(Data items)
■ ■ ■

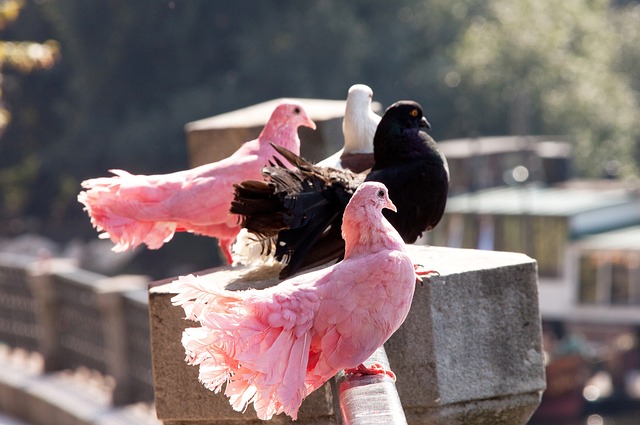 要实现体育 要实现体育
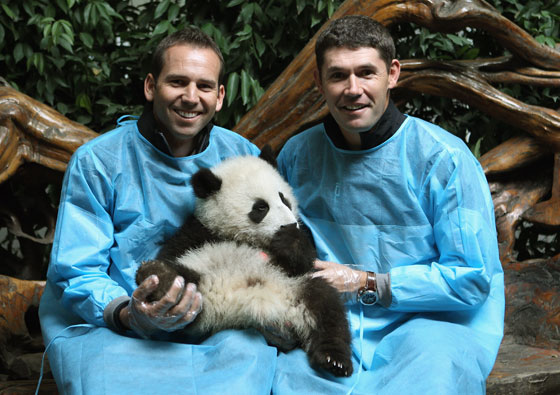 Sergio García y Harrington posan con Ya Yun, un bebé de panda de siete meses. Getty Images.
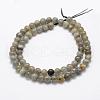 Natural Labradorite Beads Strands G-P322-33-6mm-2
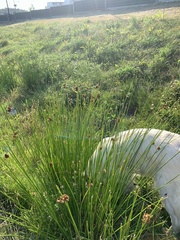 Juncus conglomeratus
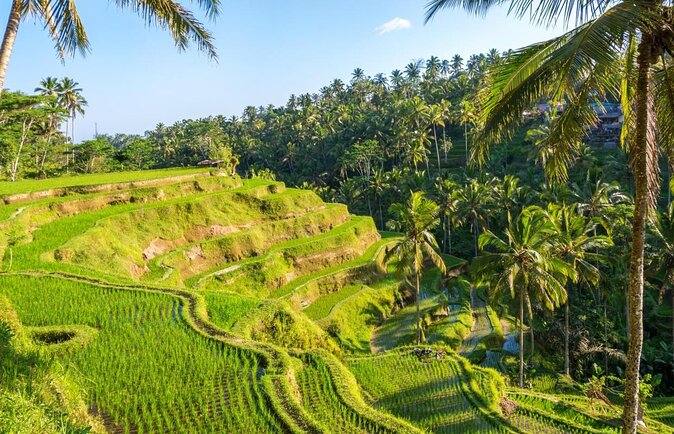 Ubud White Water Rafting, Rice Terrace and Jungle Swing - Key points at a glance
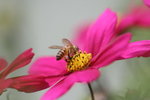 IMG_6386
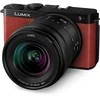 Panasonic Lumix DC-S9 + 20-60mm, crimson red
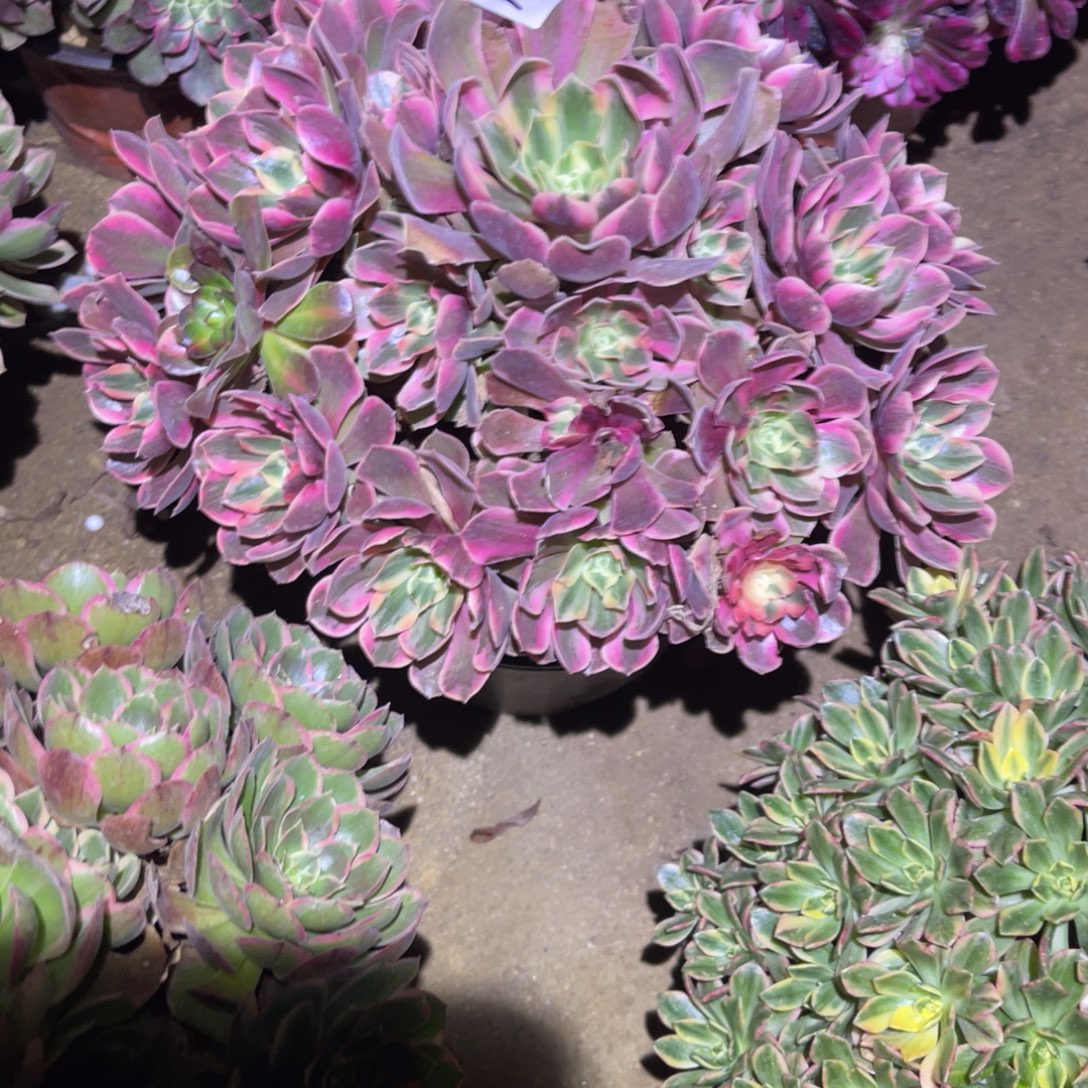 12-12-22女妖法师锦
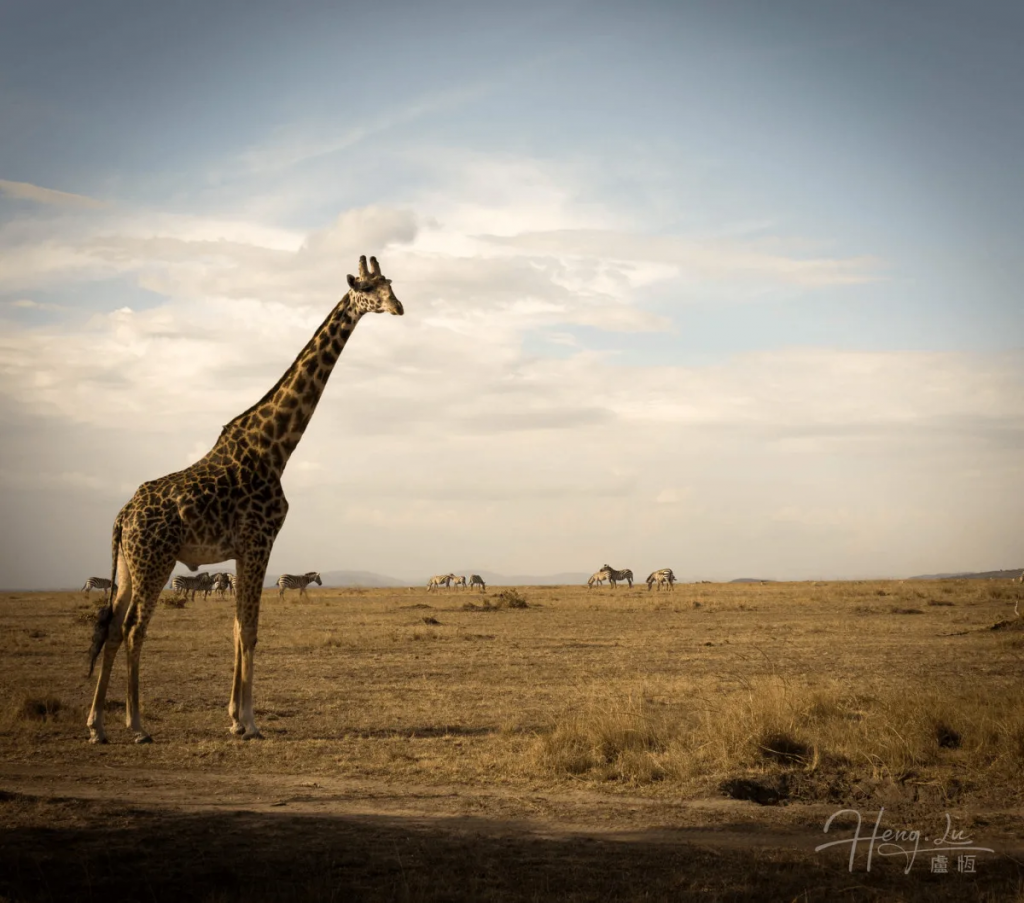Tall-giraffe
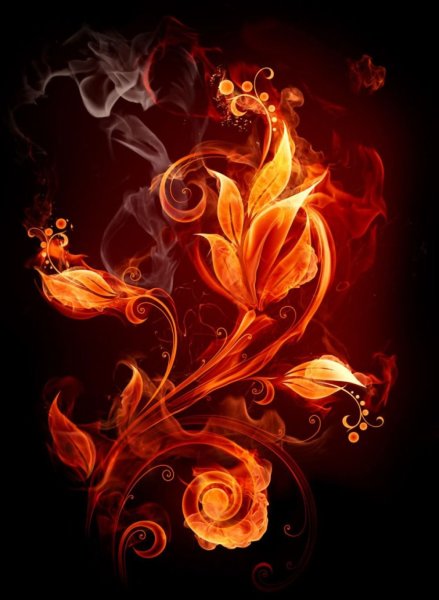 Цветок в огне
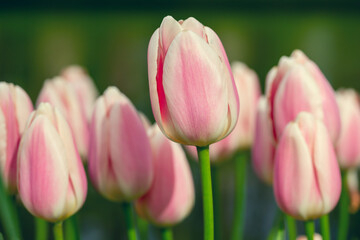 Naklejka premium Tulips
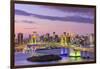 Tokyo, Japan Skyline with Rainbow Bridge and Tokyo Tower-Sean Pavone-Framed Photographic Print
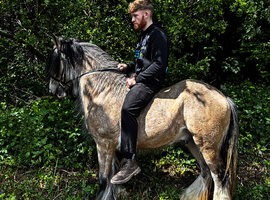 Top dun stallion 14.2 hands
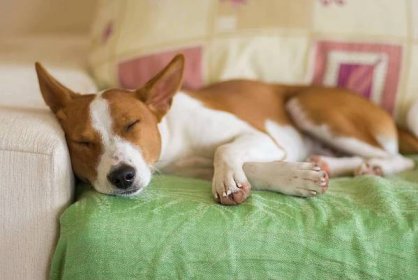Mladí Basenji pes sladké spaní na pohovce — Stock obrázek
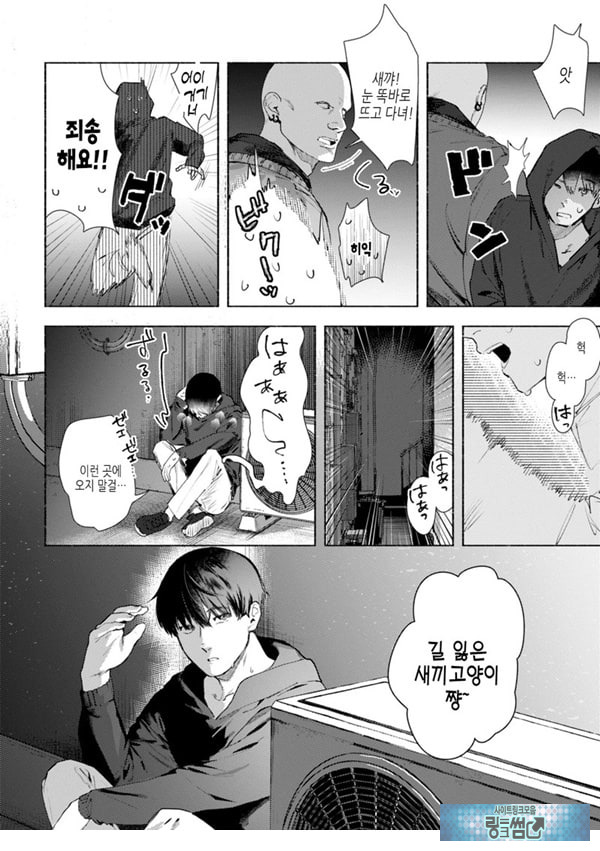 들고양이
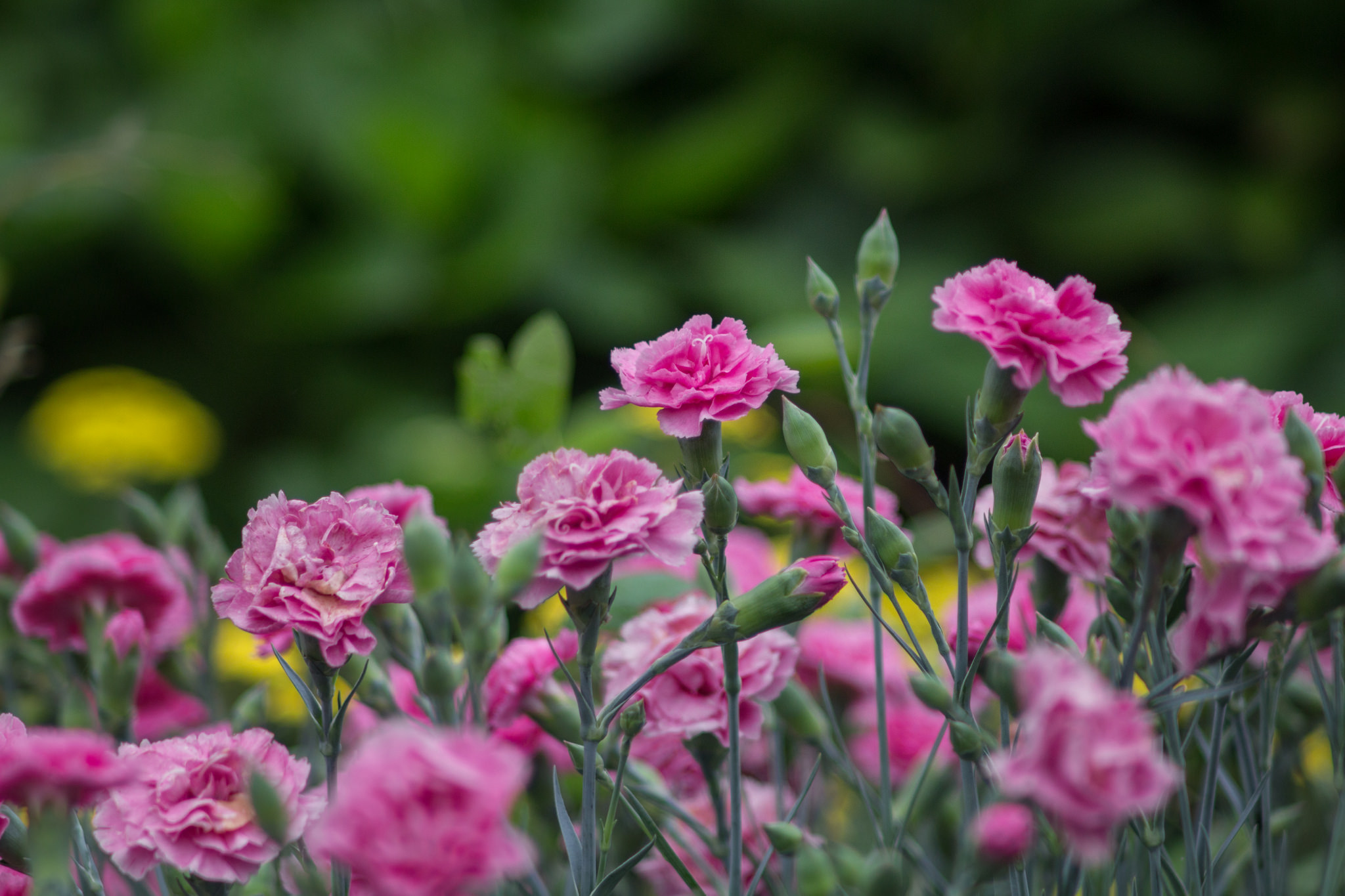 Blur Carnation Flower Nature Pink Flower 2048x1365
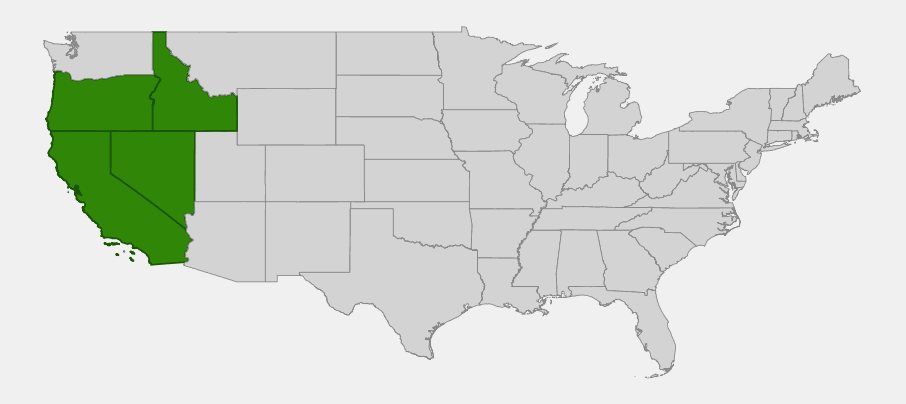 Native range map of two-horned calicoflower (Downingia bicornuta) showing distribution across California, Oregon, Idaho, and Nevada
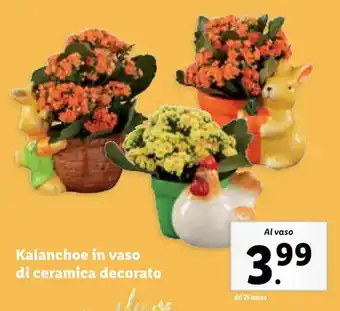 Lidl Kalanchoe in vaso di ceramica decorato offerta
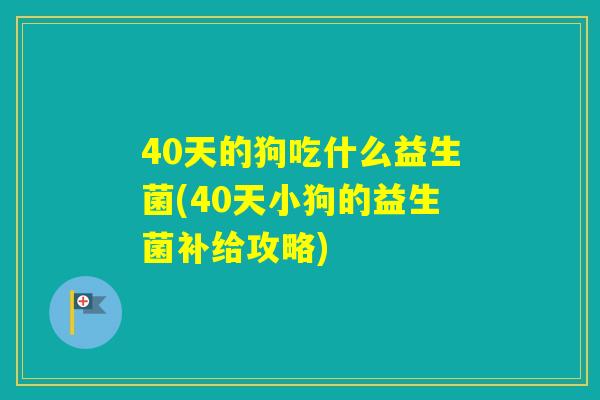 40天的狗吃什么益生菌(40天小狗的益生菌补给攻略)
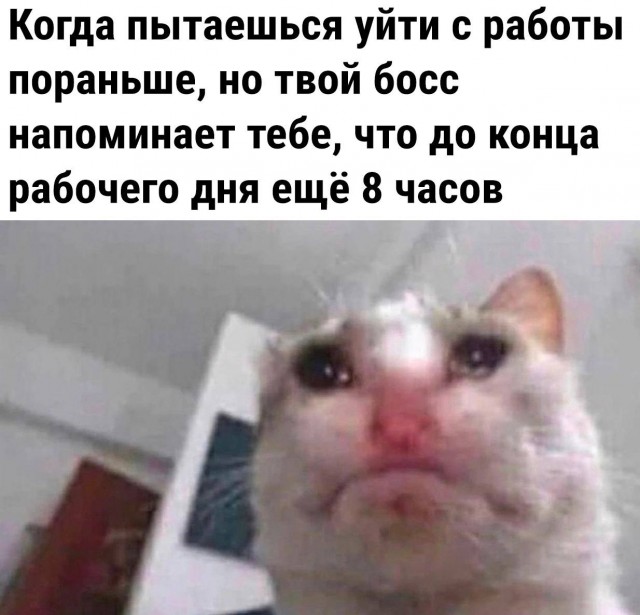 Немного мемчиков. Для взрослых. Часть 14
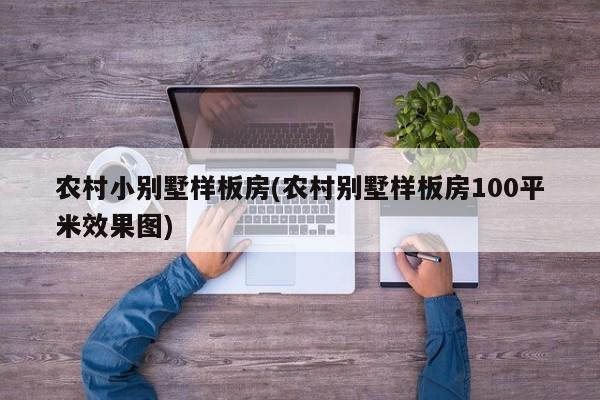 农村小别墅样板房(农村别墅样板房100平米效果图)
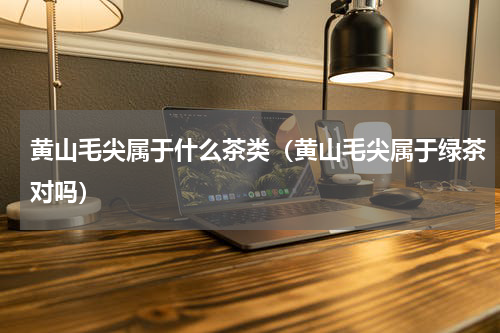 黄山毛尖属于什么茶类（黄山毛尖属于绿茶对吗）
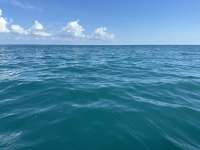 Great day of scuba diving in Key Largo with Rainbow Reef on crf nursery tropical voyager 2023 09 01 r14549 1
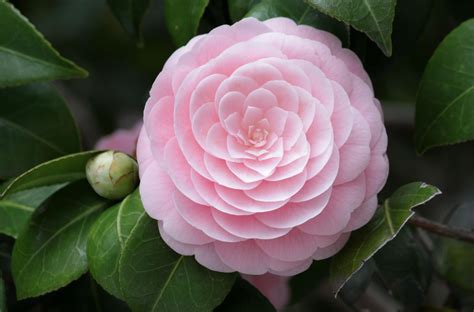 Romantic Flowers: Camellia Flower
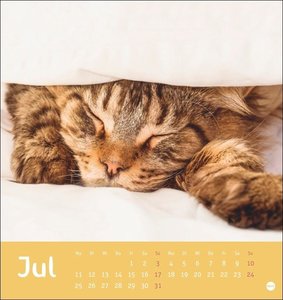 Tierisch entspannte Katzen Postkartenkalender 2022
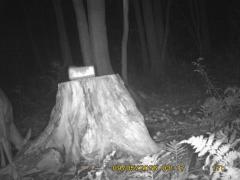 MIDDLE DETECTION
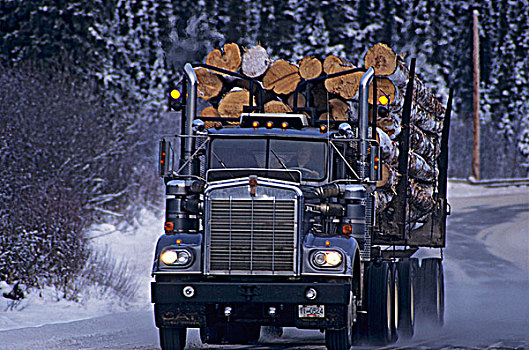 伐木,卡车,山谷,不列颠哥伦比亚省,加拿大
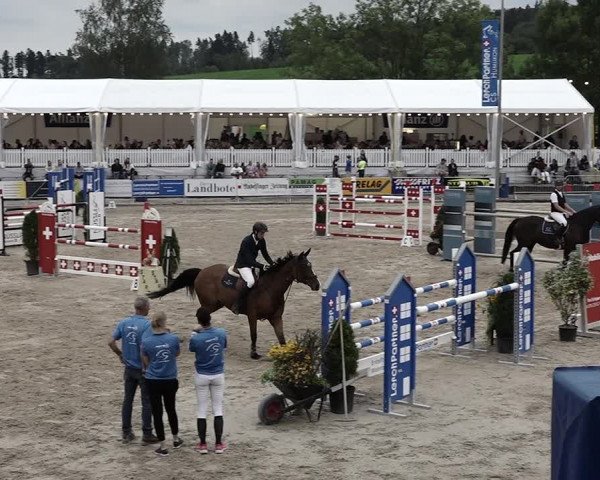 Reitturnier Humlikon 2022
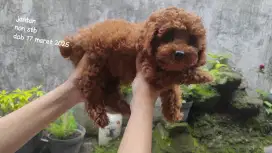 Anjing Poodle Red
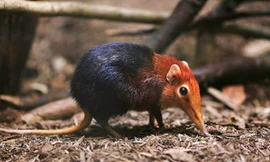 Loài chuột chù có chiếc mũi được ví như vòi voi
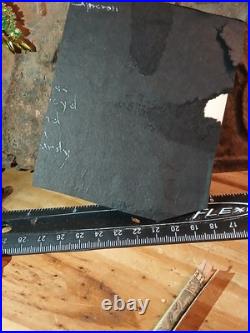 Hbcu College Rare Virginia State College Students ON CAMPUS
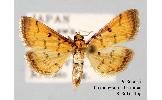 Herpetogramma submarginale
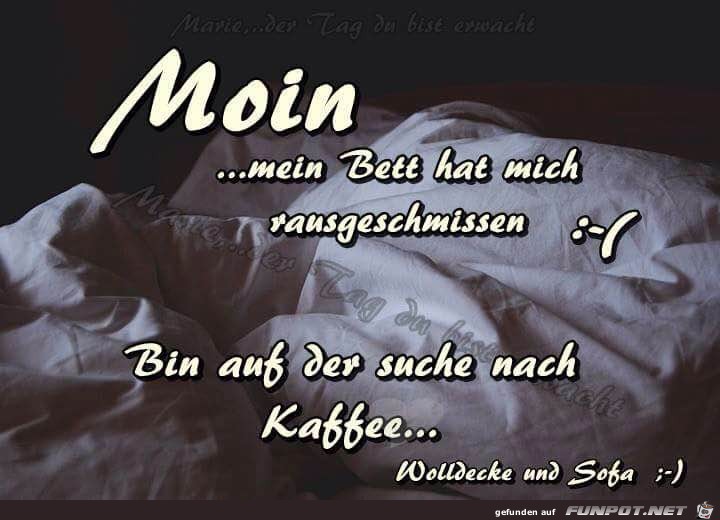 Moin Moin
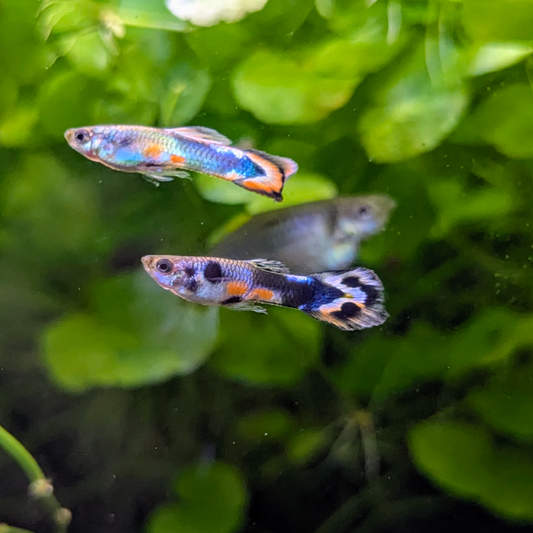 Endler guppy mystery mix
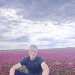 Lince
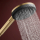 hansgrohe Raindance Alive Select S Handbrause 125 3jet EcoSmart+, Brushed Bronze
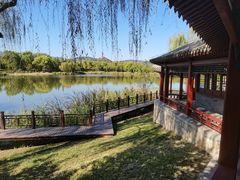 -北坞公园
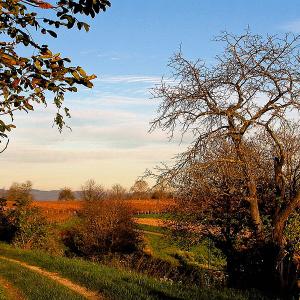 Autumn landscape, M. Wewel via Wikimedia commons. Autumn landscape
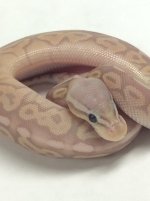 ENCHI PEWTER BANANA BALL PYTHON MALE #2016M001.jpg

■ ■ ■

> **ACTION ITEM**: An exact repetition of all the records above is required, excluding the pictures.

> **RESULT OF THIS EXERCISE**:
 要实现体育 要实现体育
 Sergio García y Harrington posan con Ya Yun, un bebé de panda de siete meses. Getty Images.
 Natural Labradorite Beads Strands G-P322-33-6mm-2
 Juncus conglomeratus
 Ubud White Water Rafting, Rice Terrace and Jungle Swing - Key points at a glance
 IMG_6386
 Panasonic Lumix DC-S9 + 20-60mm, crimson red
 12-12-22女妖法师锦
Tall-giraffe
 Цветок в огне
 Naklejka premium Tulips
 Tokyo, Japan Skyline with Rainbow Bridge and Tokyo Tower-Sean Pavone-Framed Photographic Print
 Top dun stallion 14.2 hands
Mladí Basenji pes sladké spaní na pohovce — Stock obrázek
 들고양이
 Blur Carnation Flower Nature Pink Flower 2048x1365
 Native range map of two-horned calicoflower (Downingia bicornuta) showing distribution across California, Oregon, Idaho, and Nevada
 Lidl Kalanchoe in vaso di ceramica decorato offerta
 40天的狗吃什么益生菌(40天小狗的益生菌补给攻略)
 Немного мемчиков. Для взрослых. Часть 14
 农村小别墅样板房(农村别墅样板房100平米效果图)
 黄山毛尖属于什么茶类（黄山毛尖属于绿茶对吗）
 Great day of scuba diving in Key Largo with Rainbow Reef on crf nursery tropical voyager 2023 09 01 r14549 1
 Romantic Flowers: Camellia Flower
 Tierisch entspannte Katzen Postkartenkalender 2022
 MIDDLE DETECTION
 伐木,卡车,山谷,不列颠哥伦比亚省,加拿大
 Reitturnier Humlikon 2022
 Anjing Poodle Red
 Loài chuột chù có chiếc mũi được ví như vòi voi
 Hbcu College Rare Virginia State College Students ON CAMPUS
 Herpetogramma submarginale
 Moin Moin
 Endler guppy mystery mix
 Lince
 hansgrohe Raindance Alive Select S Handbrause 125 3jet EcoSmart+, Brushed Bronze
 -北坞公园
 Autumn landscape, M. Wewel via Wikimedia commons. Autumn landscape
 ENCHI PEWTER BANANA BALL PYTHON MALE #2016M001.jpg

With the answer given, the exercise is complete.